What is Threading / Why You Should Care
In most languages, you operate in a pretty linear fashion - do x, then do y, then z, etc. Sometimes, there are cases where this might not be the most efficient -- imagine you want to crawl a bunch of websites or something and you don't care what order they are done in and the tasks operate most independently of eachother. In this case, you might want to consider using threads and spawning off child "threads" for each individual thing you want to do.
+
|
|+------> +->
| + +
main | | |
thread | | |child threads
| | |
| | |
| | |
|<----+ v <--+
|
v
Personally, I usually end up using threading when I need to do:
- Crawling multiple websites on many domains - ie I want to scrape a bunch of sites that are not hosted in the same place.
- Doing computation that can be done independently; usually, I end up using threading when I am doing de-duping or processes that do not need to work together.
Example / Technique 1
This is probably the most common example you see of people using the threading module. Basically, define a function and then call that function in some kind of loop using threading.Thread.
import threading
def seagull_sound():
print 'caw!'
for i in range(0, 10):
thread = threading.Thread(target=seagull_sound)
thread.start()
When I run this:
Toms-MacBook-Air-2:Desktop tom$ python caw.py
caw!
caw!
caw!
caw!
caw!
caw!
caw!
caw!
caw!
caw!
Note that it acts kind of weird with extra spaces - I'm pretty sure this is due to my terminal being confused by output coming from 10 streams simultanesouly.
So when we ran this, it created 10 threads and basically all off them will output 'caw!' in (relative) concurrency. Technically, I suppose this isn't true concurrency because of python's locking system and you'd need the multiprocessing module but I don't really want to get lost in the weeds here.
Example / Technique 2
I favor this implementation of threading over the one above. Instead of creating a thread object over some functions, you can just create a class which inherits from thread.Thread and reimplements the run() function:
import threading
class SeaGull(threading.Thread):
def __init__(self):
''' re-implement the constructor '''
threading.Thread.__init__(self)
def run(self):
''' make the sound of a seagull '''
print 'caw!'
for i in range(0, 10):
SeaGull().start() # call threading's start() method
Then, when I run this:
Toms-MacBook-Air-2:Desktop tom$ python caw2.py
caw!caw!
caw!
caw!
caw!
caw!
caw!
caw!
caw!
caw!
We can see the output is basically the same - it just attempts to hammer out all the print statements at the same time. I prefer the latter of the two options, having your object exist as an extension of the thread module is a slick implementation.
Passing Data to your Thread
The above examples using seagulls are pretty dumb. Suppose you want to output the seagull sound and also print a number for which thread is making the sound.

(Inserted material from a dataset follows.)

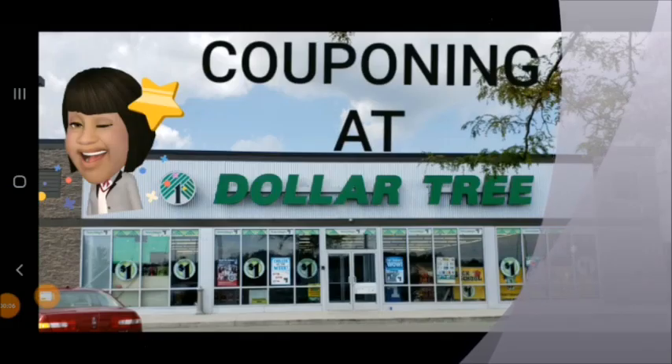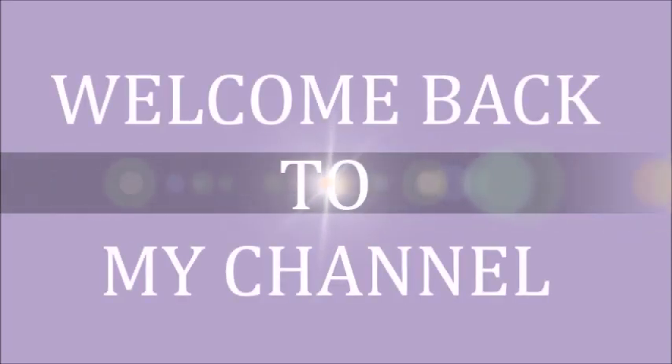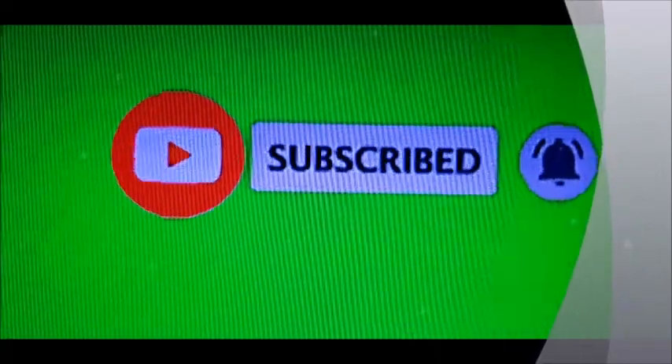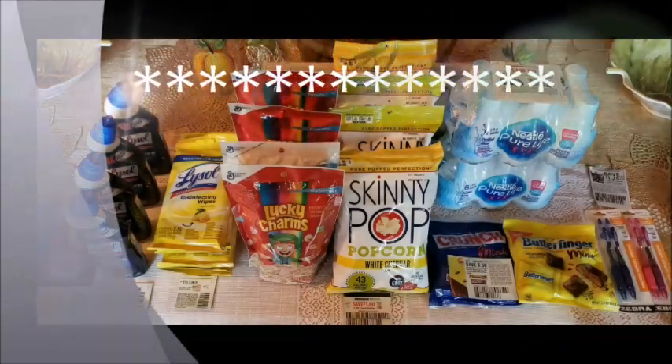I'm at Dollar Tree and I brought my coupons — let's see what I can find. Subscribe and hit the bell so you never miss any of my future uploads.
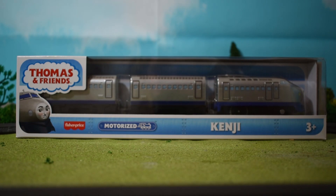Hi guys, this is Rosie the Cutie 1995, and today my next review is a course - as you see on the thumbnail and in front of you right now on screen - it is Motorized Kenji. I just recently got him the other day and it was the last one in stock, so I was pretty lucky to get him.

We can make a small modification to our code to support this:
import threading
class SeaGull(threading.Thread):
def __init__(self, thread_no):
''' re-implement the constructor '''
threading.Thread.__init__(self)
self._thread_no = thread_no
def run(self):
''' make the sound of a seagull '''
print '[%d] caw!' % self._thread_no
for i in range(0, 10):
SeaGull(i).start() # note that we're passing in i now
And when we run this:
Toms-MacBook-Air-2:Desktop tom$ python caw2.py
[0] caw!
[1] caw!
[2] caw!
[3] caw!
[4] caw!
[5] caw!
[6] caw!
[7] caw!
[8] caw!
[9] caw!
What you can't/shouldn't do
I put this section last because you're probably not going to read it and instead make some mistakes yourself. That's cool too. In general, I find the below items to be "code smells" for when you are mis-using threading or potentially doing something stupid:
- You ask yourself - I want all my threads to talk to eachother. There are ways to have threads communicate but if you're doing a lot of it, it might be easier to solve this problem in another way.
- You want to pass in a huge list of parameters into my thread. This is always generally a code smell, threads should be pretty simple and independent.
- You want to run an insane number of threads. Use your best judgement.
- You're trying to do some kind of map-reduce-like thing where you can parallelize some data processing (there are better modules for this, such as MRJob or even the multiprocessing python module)